→ **Exercise instructions**
Pictures are not repeated. Every line from the beginning of the entries through the one with "West Loop Apartment" is restated exactly.
(Supplied material)
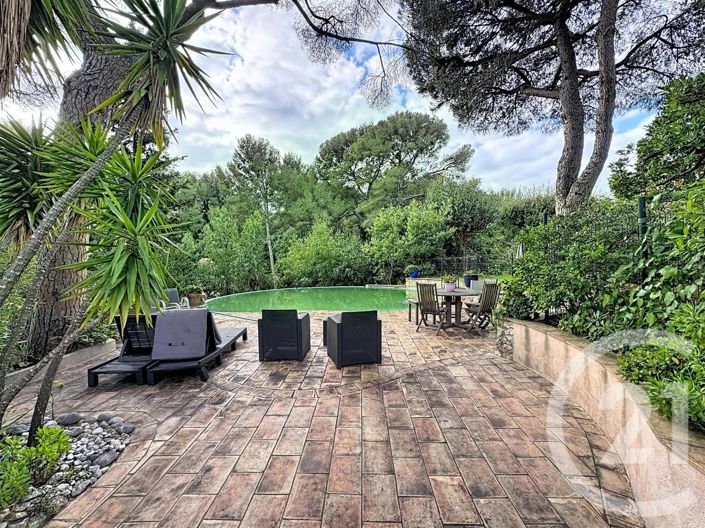 Image No.18-10 Bed House for sale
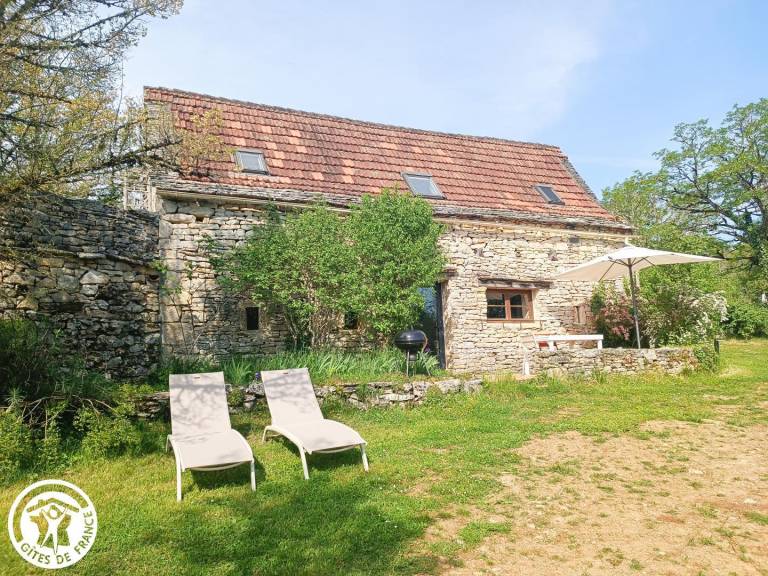 Gite with terrace, barbecue & garden in Figeac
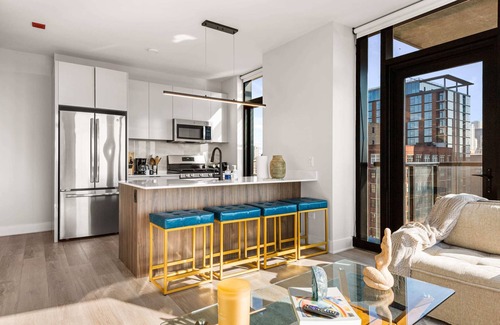West Loop Apartment | Panoramic City Views + Prime West Loop Location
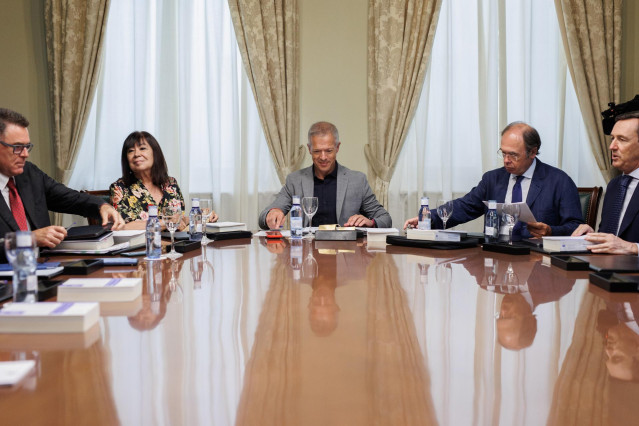 El presidente del Senado, Ander Gil (c), junto a la senadora y presidenta del PSOE, Cristina Narbona Cristina (i), el vicepresidente segundo del Senado, P&iacute;o Garc&iacute;a-Escudero (2d), y el senador del PP por Almer&iacute;a, Rafael Antonio Hernando (1d), durante  la &uacute;
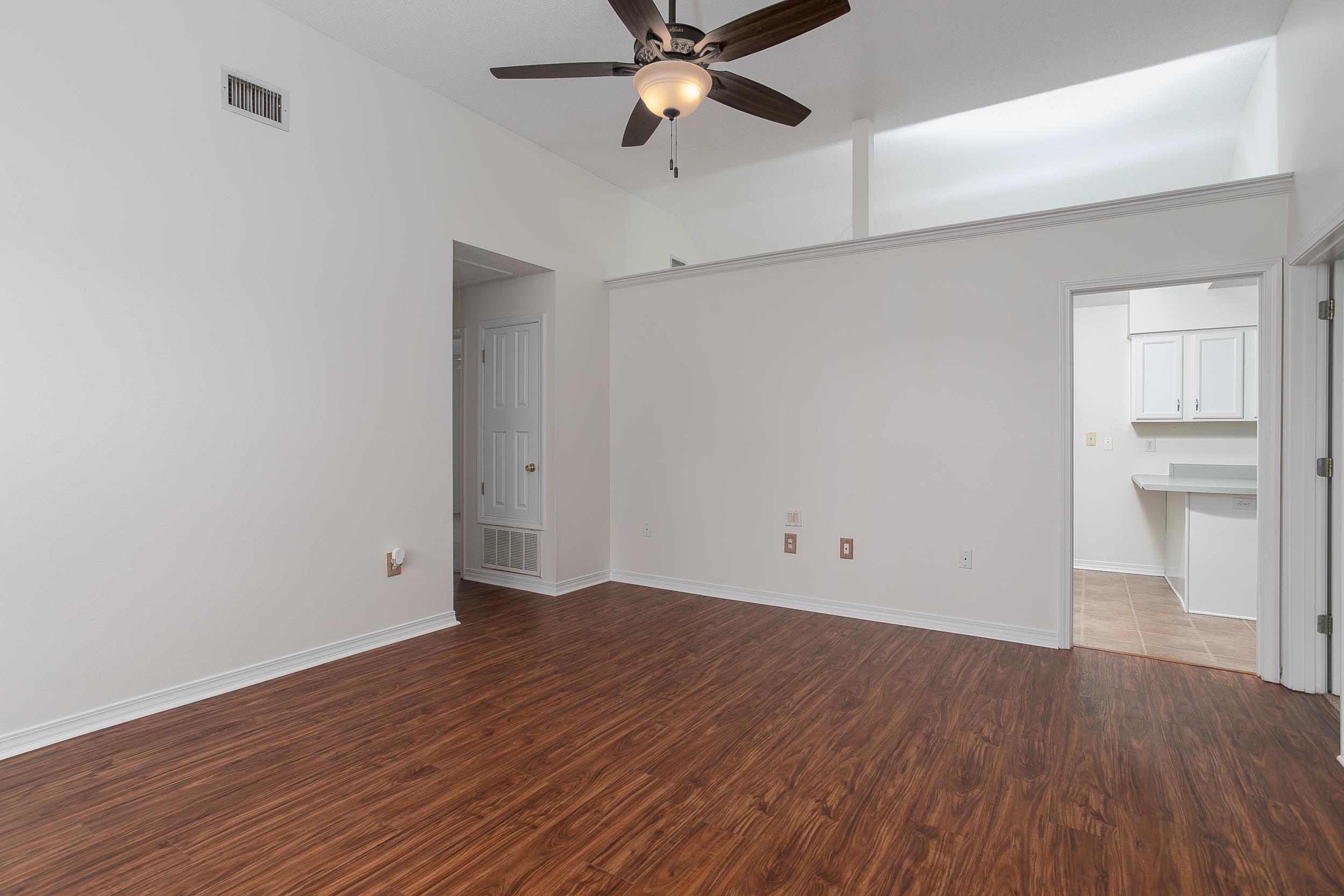 125 Pennbrooke Loop Foley, AL 36535 - Photo 4 of 35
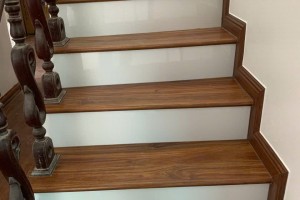 Cải Tạo Cầu Thang Cũ Bằng Mặt Bậc Nhựa Giả Gỗ – Giải Pháp Đẹp, Bền, Tiết Kiệm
(End Supplied material)
→ **Answer space**
 Image No.18-10 Bed House for sale
 Gite with terrace, barbecue & garden in Figeac
West Loop Apartment | Panoramic City Views + Prime West Loop Location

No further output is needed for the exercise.